See also Figures S2–S4.

Sfpq Regulates Energy Metabolism Pathway Genes in Muscle Cells

In our histological analyses, KO mice did not show typical dystrophic phenotypes (Figure 2A). We examined the mature mRNA level of Dmd gene in GC muscles (P35) using RT-PCR and found that the Dmd mRNA level in KO was about 25% of that in control mice (FC = 0.25 vs. control mice, data not shown). As 25% of expression is still not critically low for causing muscular dystrophy, this can be the explanation why KO mice did not exhibit phenotypes that are typically observed in Dmd mutant mice (Vainzof et al., 2008, van Putten et al., 2012). Recent studies and our own have indicated that RBPs regulate functional clusters of genes known as regulons (Cosker et al., 2016, Keene, 2007, Takeuchi et al., 2018). To identify SFPQ regulons in skeletal muscle, gene set enrichment analysis (GSEA) was performed (Subramanian et al., 2005) using gene sets from the Kyoto Encyclopedia of Genes and Genomes (KEGG) and Reactome platforms (Kanehisa and Goto, 2000, Matthews et al., 2009). Gene sets significantly up- or downregulated in KO myotubes were identified using FDR (false discovery rate), or q values <0.01. In significantly downregulated genes, 15 and 9 pathways were identified using the KEGG and Reactome platforms, respectively.

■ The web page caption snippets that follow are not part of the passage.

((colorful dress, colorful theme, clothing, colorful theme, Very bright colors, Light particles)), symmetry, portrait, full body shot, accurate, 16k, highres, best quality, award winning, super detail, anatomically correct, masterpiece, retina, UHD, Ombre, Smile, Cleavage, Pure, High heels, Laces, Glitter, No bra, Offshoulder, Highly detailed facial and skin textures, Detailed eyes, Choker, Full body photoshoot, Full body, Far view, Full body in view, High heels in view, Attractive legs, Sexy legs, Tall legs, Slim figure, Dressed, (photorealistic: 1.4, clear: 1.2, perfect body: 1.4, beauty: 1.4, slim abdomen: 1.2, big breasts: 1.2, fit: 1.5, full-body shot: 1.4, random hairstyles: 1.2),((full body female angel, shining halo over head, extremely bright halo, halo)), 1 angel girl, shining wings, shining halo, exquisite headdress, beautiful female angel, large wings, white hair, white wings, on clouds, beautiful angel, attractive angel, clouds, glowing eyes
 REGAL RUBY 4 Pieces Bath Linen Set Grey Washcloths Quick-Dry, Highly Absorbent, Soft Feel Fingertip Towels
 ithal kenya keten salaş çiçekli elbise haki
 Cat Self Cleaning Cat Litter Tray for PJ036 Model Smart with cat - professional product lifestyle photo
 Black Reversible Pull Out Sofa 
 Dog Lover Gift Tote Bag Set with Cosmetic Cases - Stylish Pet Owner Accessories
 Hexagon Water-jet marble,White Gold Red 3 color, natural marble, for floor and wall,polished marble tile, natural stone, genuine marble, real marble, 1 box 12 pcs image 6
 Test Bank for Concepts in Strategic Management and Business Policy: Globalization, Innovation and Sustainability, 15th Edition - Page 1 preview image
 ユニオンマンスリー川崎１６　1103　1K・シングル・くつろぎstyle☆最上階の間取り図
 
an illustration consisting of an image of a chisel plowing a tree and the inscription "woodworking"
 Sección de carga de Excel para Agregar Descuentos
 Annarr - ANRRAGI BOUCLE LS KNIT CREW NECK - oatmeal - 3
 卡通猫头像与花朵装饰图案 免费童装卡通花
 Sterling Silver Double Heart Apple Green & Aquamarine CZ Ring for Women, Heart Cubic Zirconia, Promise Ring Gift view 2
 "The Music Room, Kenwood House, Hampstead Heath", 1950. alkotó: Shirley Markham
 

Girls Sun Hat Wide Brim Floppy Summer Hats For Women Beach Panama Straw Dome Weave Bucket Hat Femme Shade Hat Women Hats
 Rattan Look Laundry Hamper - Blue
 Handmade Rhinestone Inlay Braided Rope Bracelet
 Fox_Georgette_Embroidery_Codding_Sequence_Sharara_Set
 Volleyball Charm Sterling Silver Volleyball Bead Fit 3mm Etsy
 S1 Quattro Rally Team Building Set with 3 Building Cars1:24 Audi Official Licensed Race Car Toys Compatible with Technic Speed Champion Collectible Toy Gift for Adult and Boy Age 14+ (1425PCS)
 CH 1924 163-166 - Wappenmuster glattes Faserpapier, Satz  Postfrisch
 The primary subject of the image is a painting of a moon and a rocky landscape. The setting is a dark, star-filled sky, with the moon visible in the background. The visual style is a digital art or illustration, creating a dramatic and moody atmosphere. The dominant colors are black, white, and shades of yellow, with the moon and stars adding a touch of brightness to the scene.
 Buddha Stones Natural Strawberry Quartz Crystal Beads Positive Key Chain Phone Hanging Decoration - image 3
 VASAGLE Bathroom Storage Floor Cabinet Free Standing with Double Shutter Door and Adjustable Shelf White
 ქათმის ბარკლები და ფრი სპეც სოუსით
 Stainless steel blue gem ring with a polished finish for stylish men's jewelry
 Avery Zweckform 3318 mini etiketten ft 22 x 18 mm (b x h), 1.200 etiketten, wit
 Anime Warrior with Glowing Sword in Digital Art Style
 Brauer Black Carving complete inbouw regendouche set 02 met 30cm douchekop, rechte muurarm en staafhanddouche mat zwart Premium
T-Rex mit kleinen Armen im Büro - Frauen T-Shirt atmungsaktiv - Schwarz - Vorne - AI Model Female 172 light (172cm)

Surprisingly, 13 of the 15 downregulated gene sets in KEGG exclusively comprised metabolism-related gene clusters encompassing the tricarboxylic acid (TCA) cycle, pyruvate metabolism, OXPHOS, gluconeogenesis, and fatty acid metabolism, with the other two sets relating to Parkinson and Alzheimer diseases, which include mitochondria-related genes (Figures 3C and S2D). The nine downregulated gene sets enriched in Reactome comprised metabolism-related gene clusters relating to gluconeogenesis, glucose metabolism, TCA cycle, or respiratory electron transport (Figures 3D and S2D). Significantly upregulated gene sets were also identified using KEGG or Reactome, but none of them has a clear relation with muscle mass reduction (data not shown). Together, it is suggested that SFPQ regulates a wide range of energy metabolism pathway gene expression, and loss of Sfpq disturbed metabolic regulation leading to severe muscle mass reduction in KO mice.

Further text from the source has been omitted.